Deploy DeepSeek-R1 utilizing the SageMaker Python SDK
To get started with DeepSeek-R1 using the SageMaker Python SDK, you will require to set up the SageMaker Python SDK and make certain you have the needed AWS approvals and environment setup. The following is a detailed code example that demonstrates how to deploy and utilize DeepSeek-R1 for reasoning programmatically. The code for deploying the design is provided in the Github here. You can clone the note pad and run from SageMaker Studio.
You can run extra requests against the predictor:
Implement guardrails and run reasoning with your SageMaker JumpStart predictor
Similar to Amazon Bedrock, you can also use the ApplyGuardrail API with your SageMaker JumpStart predictor. You can produce a guardrail utilizing the Amazon Bedrock console or the API, and implement it as revealed in the following code:
Tidy up
To avoid undesirable charges, finish the actions in this section to tidy up your resources.
Delete the Amazon Bedrock Marketplace implementation
If you deployed the model using Amazon Bedrock Marketplace, complete the following steps:
1. On the Amazon Bedrock console, under Foundation designs in the navigation pane, select Marketplace deployments. - In the Managed implementations area, locate the endpoint you wish to erase.
- Select the endpoint, and on the Actions menu, select Delete.
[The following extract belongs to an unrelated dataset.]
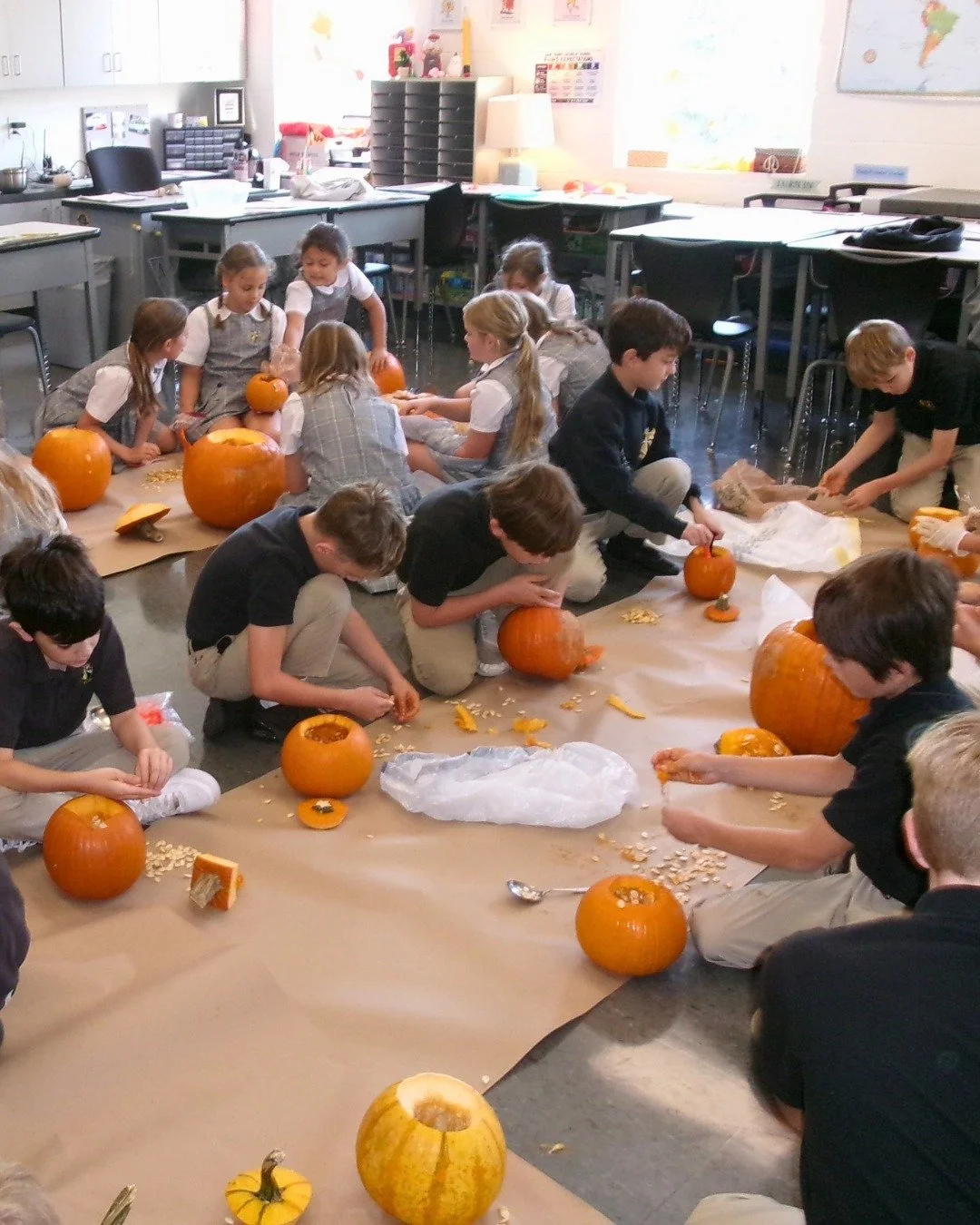 🎃 The Pumpkin Festivities continue!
- Verify the endpoint details to make certain you're erasing the appropriate deployment: 1. Endpoint name.
- Model name.
- Endpoint status
Delete the SageMaker JumpStart predictor
The SageMaker JumpStart design you deployed will sustain costs if you leave it running. Use the following code to delete the endpoint if you wish to stop sustaining charges. For more details, see Delete Endpoints and Resources.
Conclusion
In this post, we explored how you can access and deploy the DeepSeek-R1 model utilizing Bedrock Marketplace and SageMaker JumpStart. Visit SageMaker JumpStart in SageMaker Studio or Amazon Bedrock Marketplace now to get going. For more details, refer to Use Amazon Bedrock tooling with Amazon SageMaker JumpStart designs, SageMaker JumpStart pretrained models, Amazon SageMaker JumpStart Foundation Models, Amazon Bedrock Marketplace, and Getting going with Amazon SageMaker JumpStart.
About the Authors
Vivek Gangasani is a Lead Specialist Solutions Architect for Inference at AWS. He assists emerging generative AI business construct innovative services utilizing AWS services and accelerated compute. Currently, he is concentrated on establishing strategies for fine-tuning and optimizing the inference efficiency of large language designs. In his leisure time, Vivek delights in hiking, seeing movies, and trying different cuisines.
Niithiyn Vijeaswaran is a Generative AI Specialist Solutions Architect with the Third-Party Model Science team at AWS. His location of focus is AWS AI accelerators (AWS Neuron). He holds a Bachelor's degree in Computer Science and Bioinformatics.
Jonathan Evans is a Specialist Solutions Architect dealing with generative AI with the Third-Party Model Science team at AWS.
Banu Nagasundaram leads product, engineering, and strategic collaborations for Amazon SageMaker JumpStart, SageMaker's artificial intelligence and generative AI hub. She is passionate about constructing solutions that help clients accelerate their AI journey and unlock business value.